§ **Instructions for the task**: Make an exact copy, from the records below, of the lines from the line containing "Minimal gold bedside" to the line containing "明亮的橙色破晓.砂岩悬崖上面在萨克森瑞士深迷雾笼罩的山谷.", both lines included, excluding pictures.

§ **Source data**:
....................

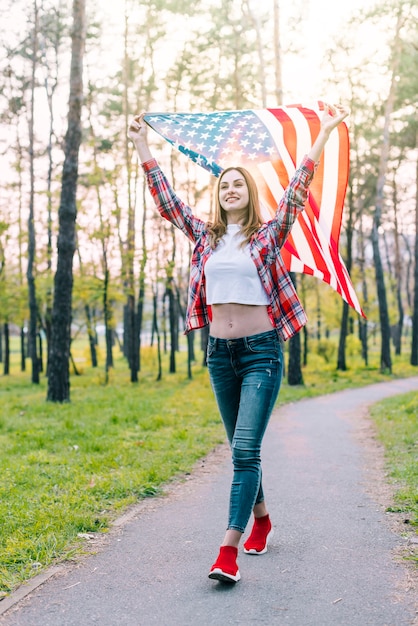 Cheerful young woman with flag of USA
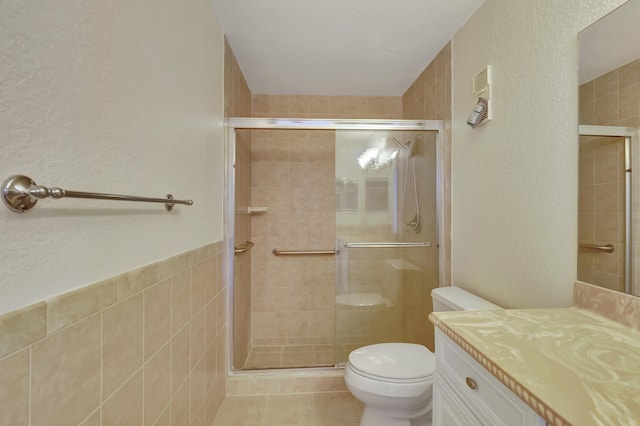 bathroom with tile patterned flooring, vanity, toilet, and an enclosed shower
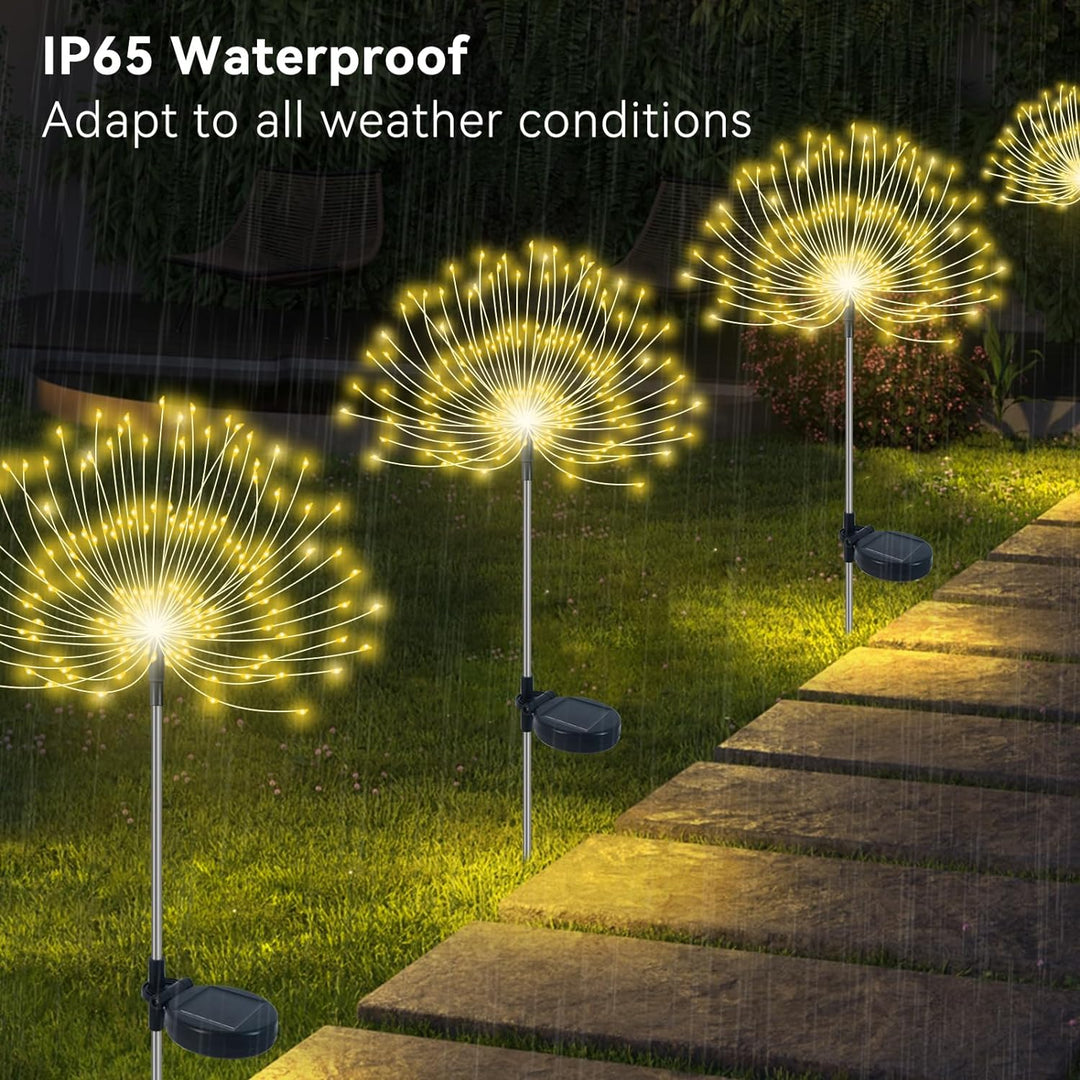 Outdoor garden scene with illuminated solar firework lights, ideal for patio and lawn decoration.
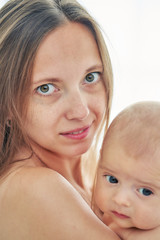 young mother holding her newborn child. vertical closeup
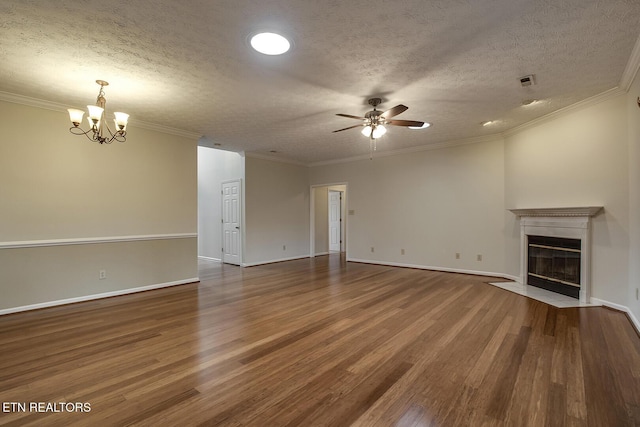 unfurnished living room with a textured ceiling, dark hardwood / wood-style flooring, and crown molding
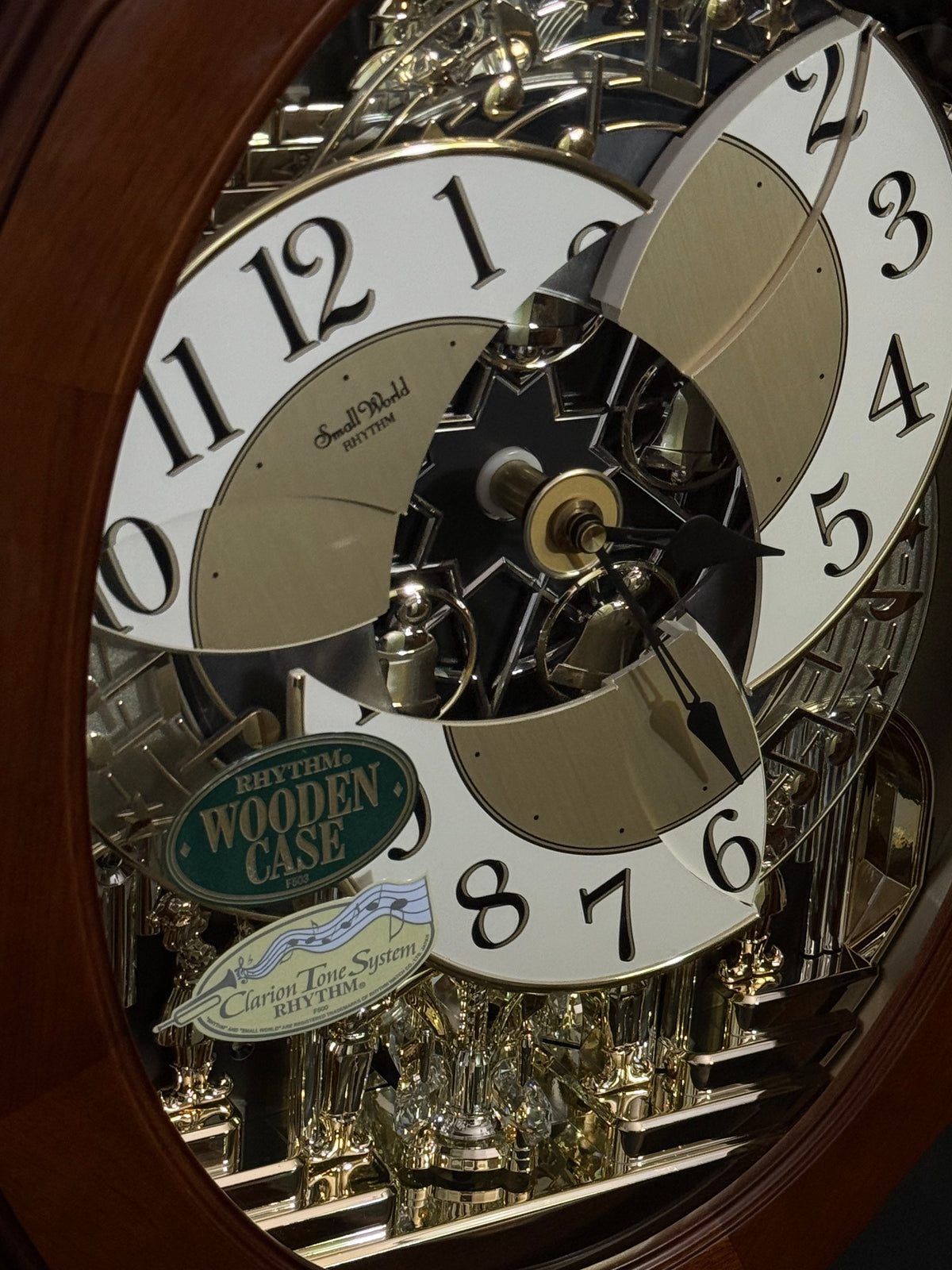 Rhythm "CTS Nostalgia" Moving Dial Magic Motion Musical Wooden Wall Clock with Popular Melodies - 4MH780-R06
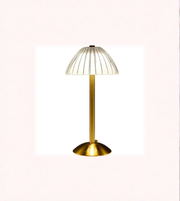 Minimal gold bedside table lamp on white surface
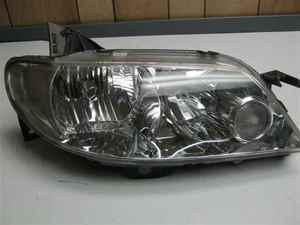 2002 protege passenger rh head light lamp oem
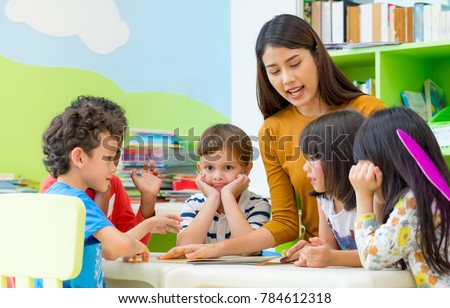 Asian female teacher teaching mixed race kids reading book in classroom,Kindergarten pre school concept Royalty-Free Stock Photo #784612318
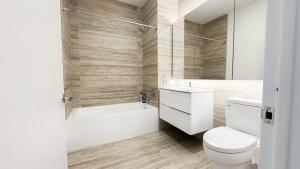 a bathroom with a toilet and a tub and a sink at Stylish 3BR Luxury Retreat in the Heart of FiDi in New York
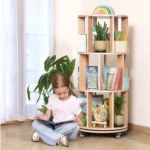Girl reading a book from the rotating bookshelf tower beside a window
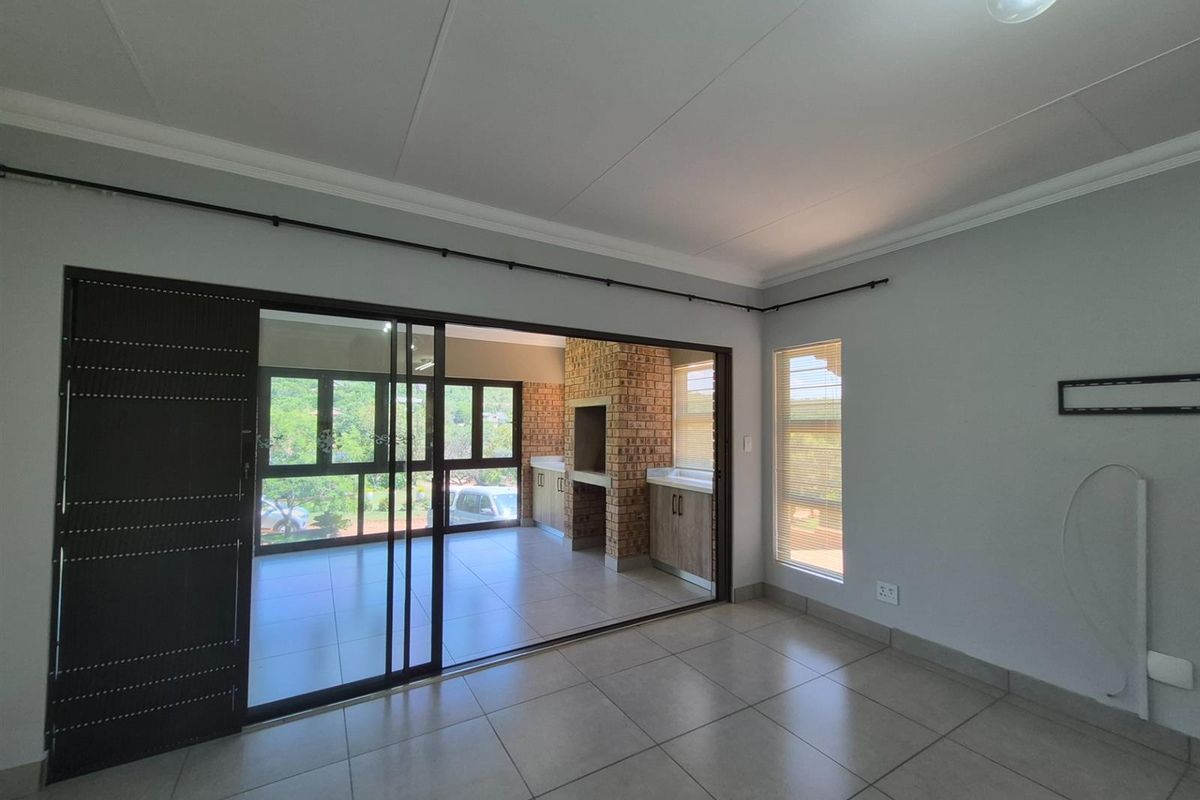 A bright living area featuring large sliding glass doors that open onto a covered patio with a built-in brick braai and tiled flooring.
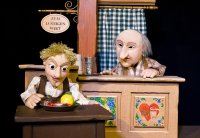 Foto, auf dem der Tischlerlehrling im Wirtshaus Essen auf seinem Tischlein deck dich herbeizaubert und vom gierigen Wirt dabei beobachtet wird.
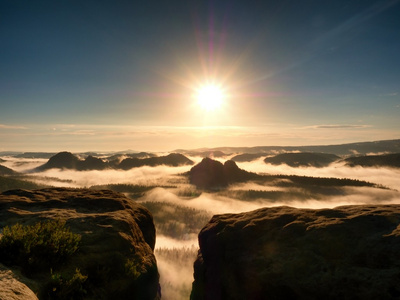 明亮的橙色破晓.砂岩悬崖上面在萨克森瑞士深迷雾笼罩的山谷.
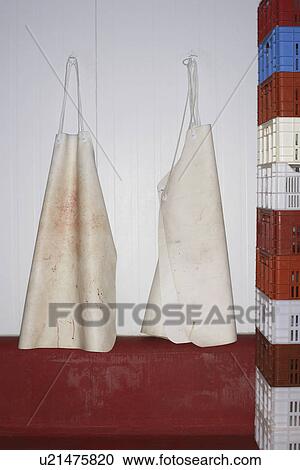 Butcher's Aprons Hanging on Wall next to stack of crates View Large Photo Image Stock Image - Butcher's Aprons Hanging on Wall next to stack of crates. Fotosearch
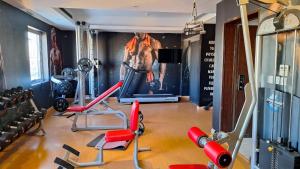 a gym with cardio equipment and a painting of a man at فندق سيتي فيو in Jeddah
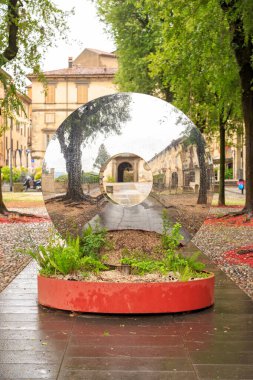 Bergamo, İtalya - 15 Temmuz 2019: Parktaki Piazza Lorenzo 'da yansıtıcı disk şeklinde heykel. Yağmurlu hava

....................

§ **Task result**:
 Minimal gold bedside table lamp on white surface
 2002 protege passenger rh head light lamp oem
 Asian female teacher teaching mixed race kids reading book in classroom,Kindergarten pre school concept Royalty-Free Stock Photo #784612318
 a bathroom with a toilet and a tub and a sink at Stylish 3BR Luxury Retreat in the Heart of FiDi in New York
Girl reading a book from the rotating bookshelf tower beside a window
 A bright living area featuring large sliding glass doors that open onto a covered patio with a built-in brick braai and tiled flooring.
 Foto, auf dem der Tischlerlehrling im Wirtshaus Essen auf seinem Tischlein deck dich herbeizaubert und vom gierigen Wirt dabei beobachtet wird.
 明亮的橙色破晓.砂岩悬崖上面在萨克森瑞士深迷雾笼罩的山谷.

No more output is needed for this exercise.